Players A and B play memory starting with $n$ pairs of cards. We assume that they can remember all cards which have been turned. At his turn a player will first recall if two cards already turned match. If so he will choose such a pair, turn them and get a pair. If not he will turn uniformly at random a card which has not yet been turned. Then if the corresponding match has turned already he will turn that card and get a pair. If not he will again turn uniformly at random a card which has not yet been turned. As usual if a player gets a pair he can continue. Player A will start. For which $n$ does Player A have an advantage by being able to start and for which $n$ is it actually a disadvantage?
Here is what I considered so far: If $E_{k,l}$ denotes the expected number of pairs the starting player will get when $k$ cards are known and $l\geq k$ cards are unknown one can derive the following recursion formula
$$
E_{k,l}=\frac{k}{l} \left( E_{k-1,l-1}+1 \right)\\
+\frac{(l-k)}{l} \frac{1}{(l-1)} \left( E_{k,l-2}+1 \right)\\
+\frac{(l-k)}{l} \frac{k}{(l-1)} \left( \frac{k+l}{2}-1-E_{k,l-2} \right)\\
+\frac{(l-k)}{l} \frac{(l-k-1)}{(l-1)} \left( \frac{k+l}{2}-E_{k+2,l-2}\right).
$$
Furthermore we have $E_{k,k}=k$. The expected number of pairs players $A$ resp. $B$ will get are $E_{0,2n}$ resp. $n-E_{0,2n}$. The following list show the expected number of pairs for A and B for $n\leq 24$.

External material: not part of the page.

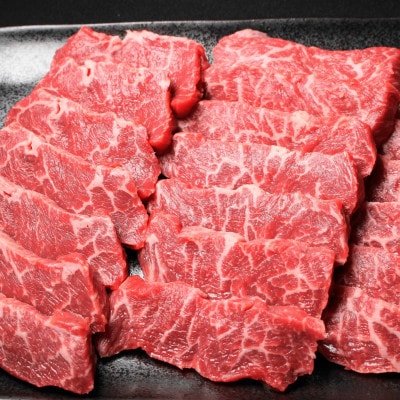 豊西牛ミスジ焼肉・上カルビ焼肉セット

It seems that for larger $n$ the expected number of pairs for $A$ and $B$ are closer together. Can this be proven rigorously? For $n=18$ the expected number of pairs of $A$ and $B$ are equal and the game is fair in some sense. Do there exist other numbers $n$ with that property? Is it possible to give a characterization of the numbers for which $A$ has an advantage?
A has an advantage for $n\in \{ 1,4,7,8,10,11,14,17,18,20,21,23,24,\dots\}$.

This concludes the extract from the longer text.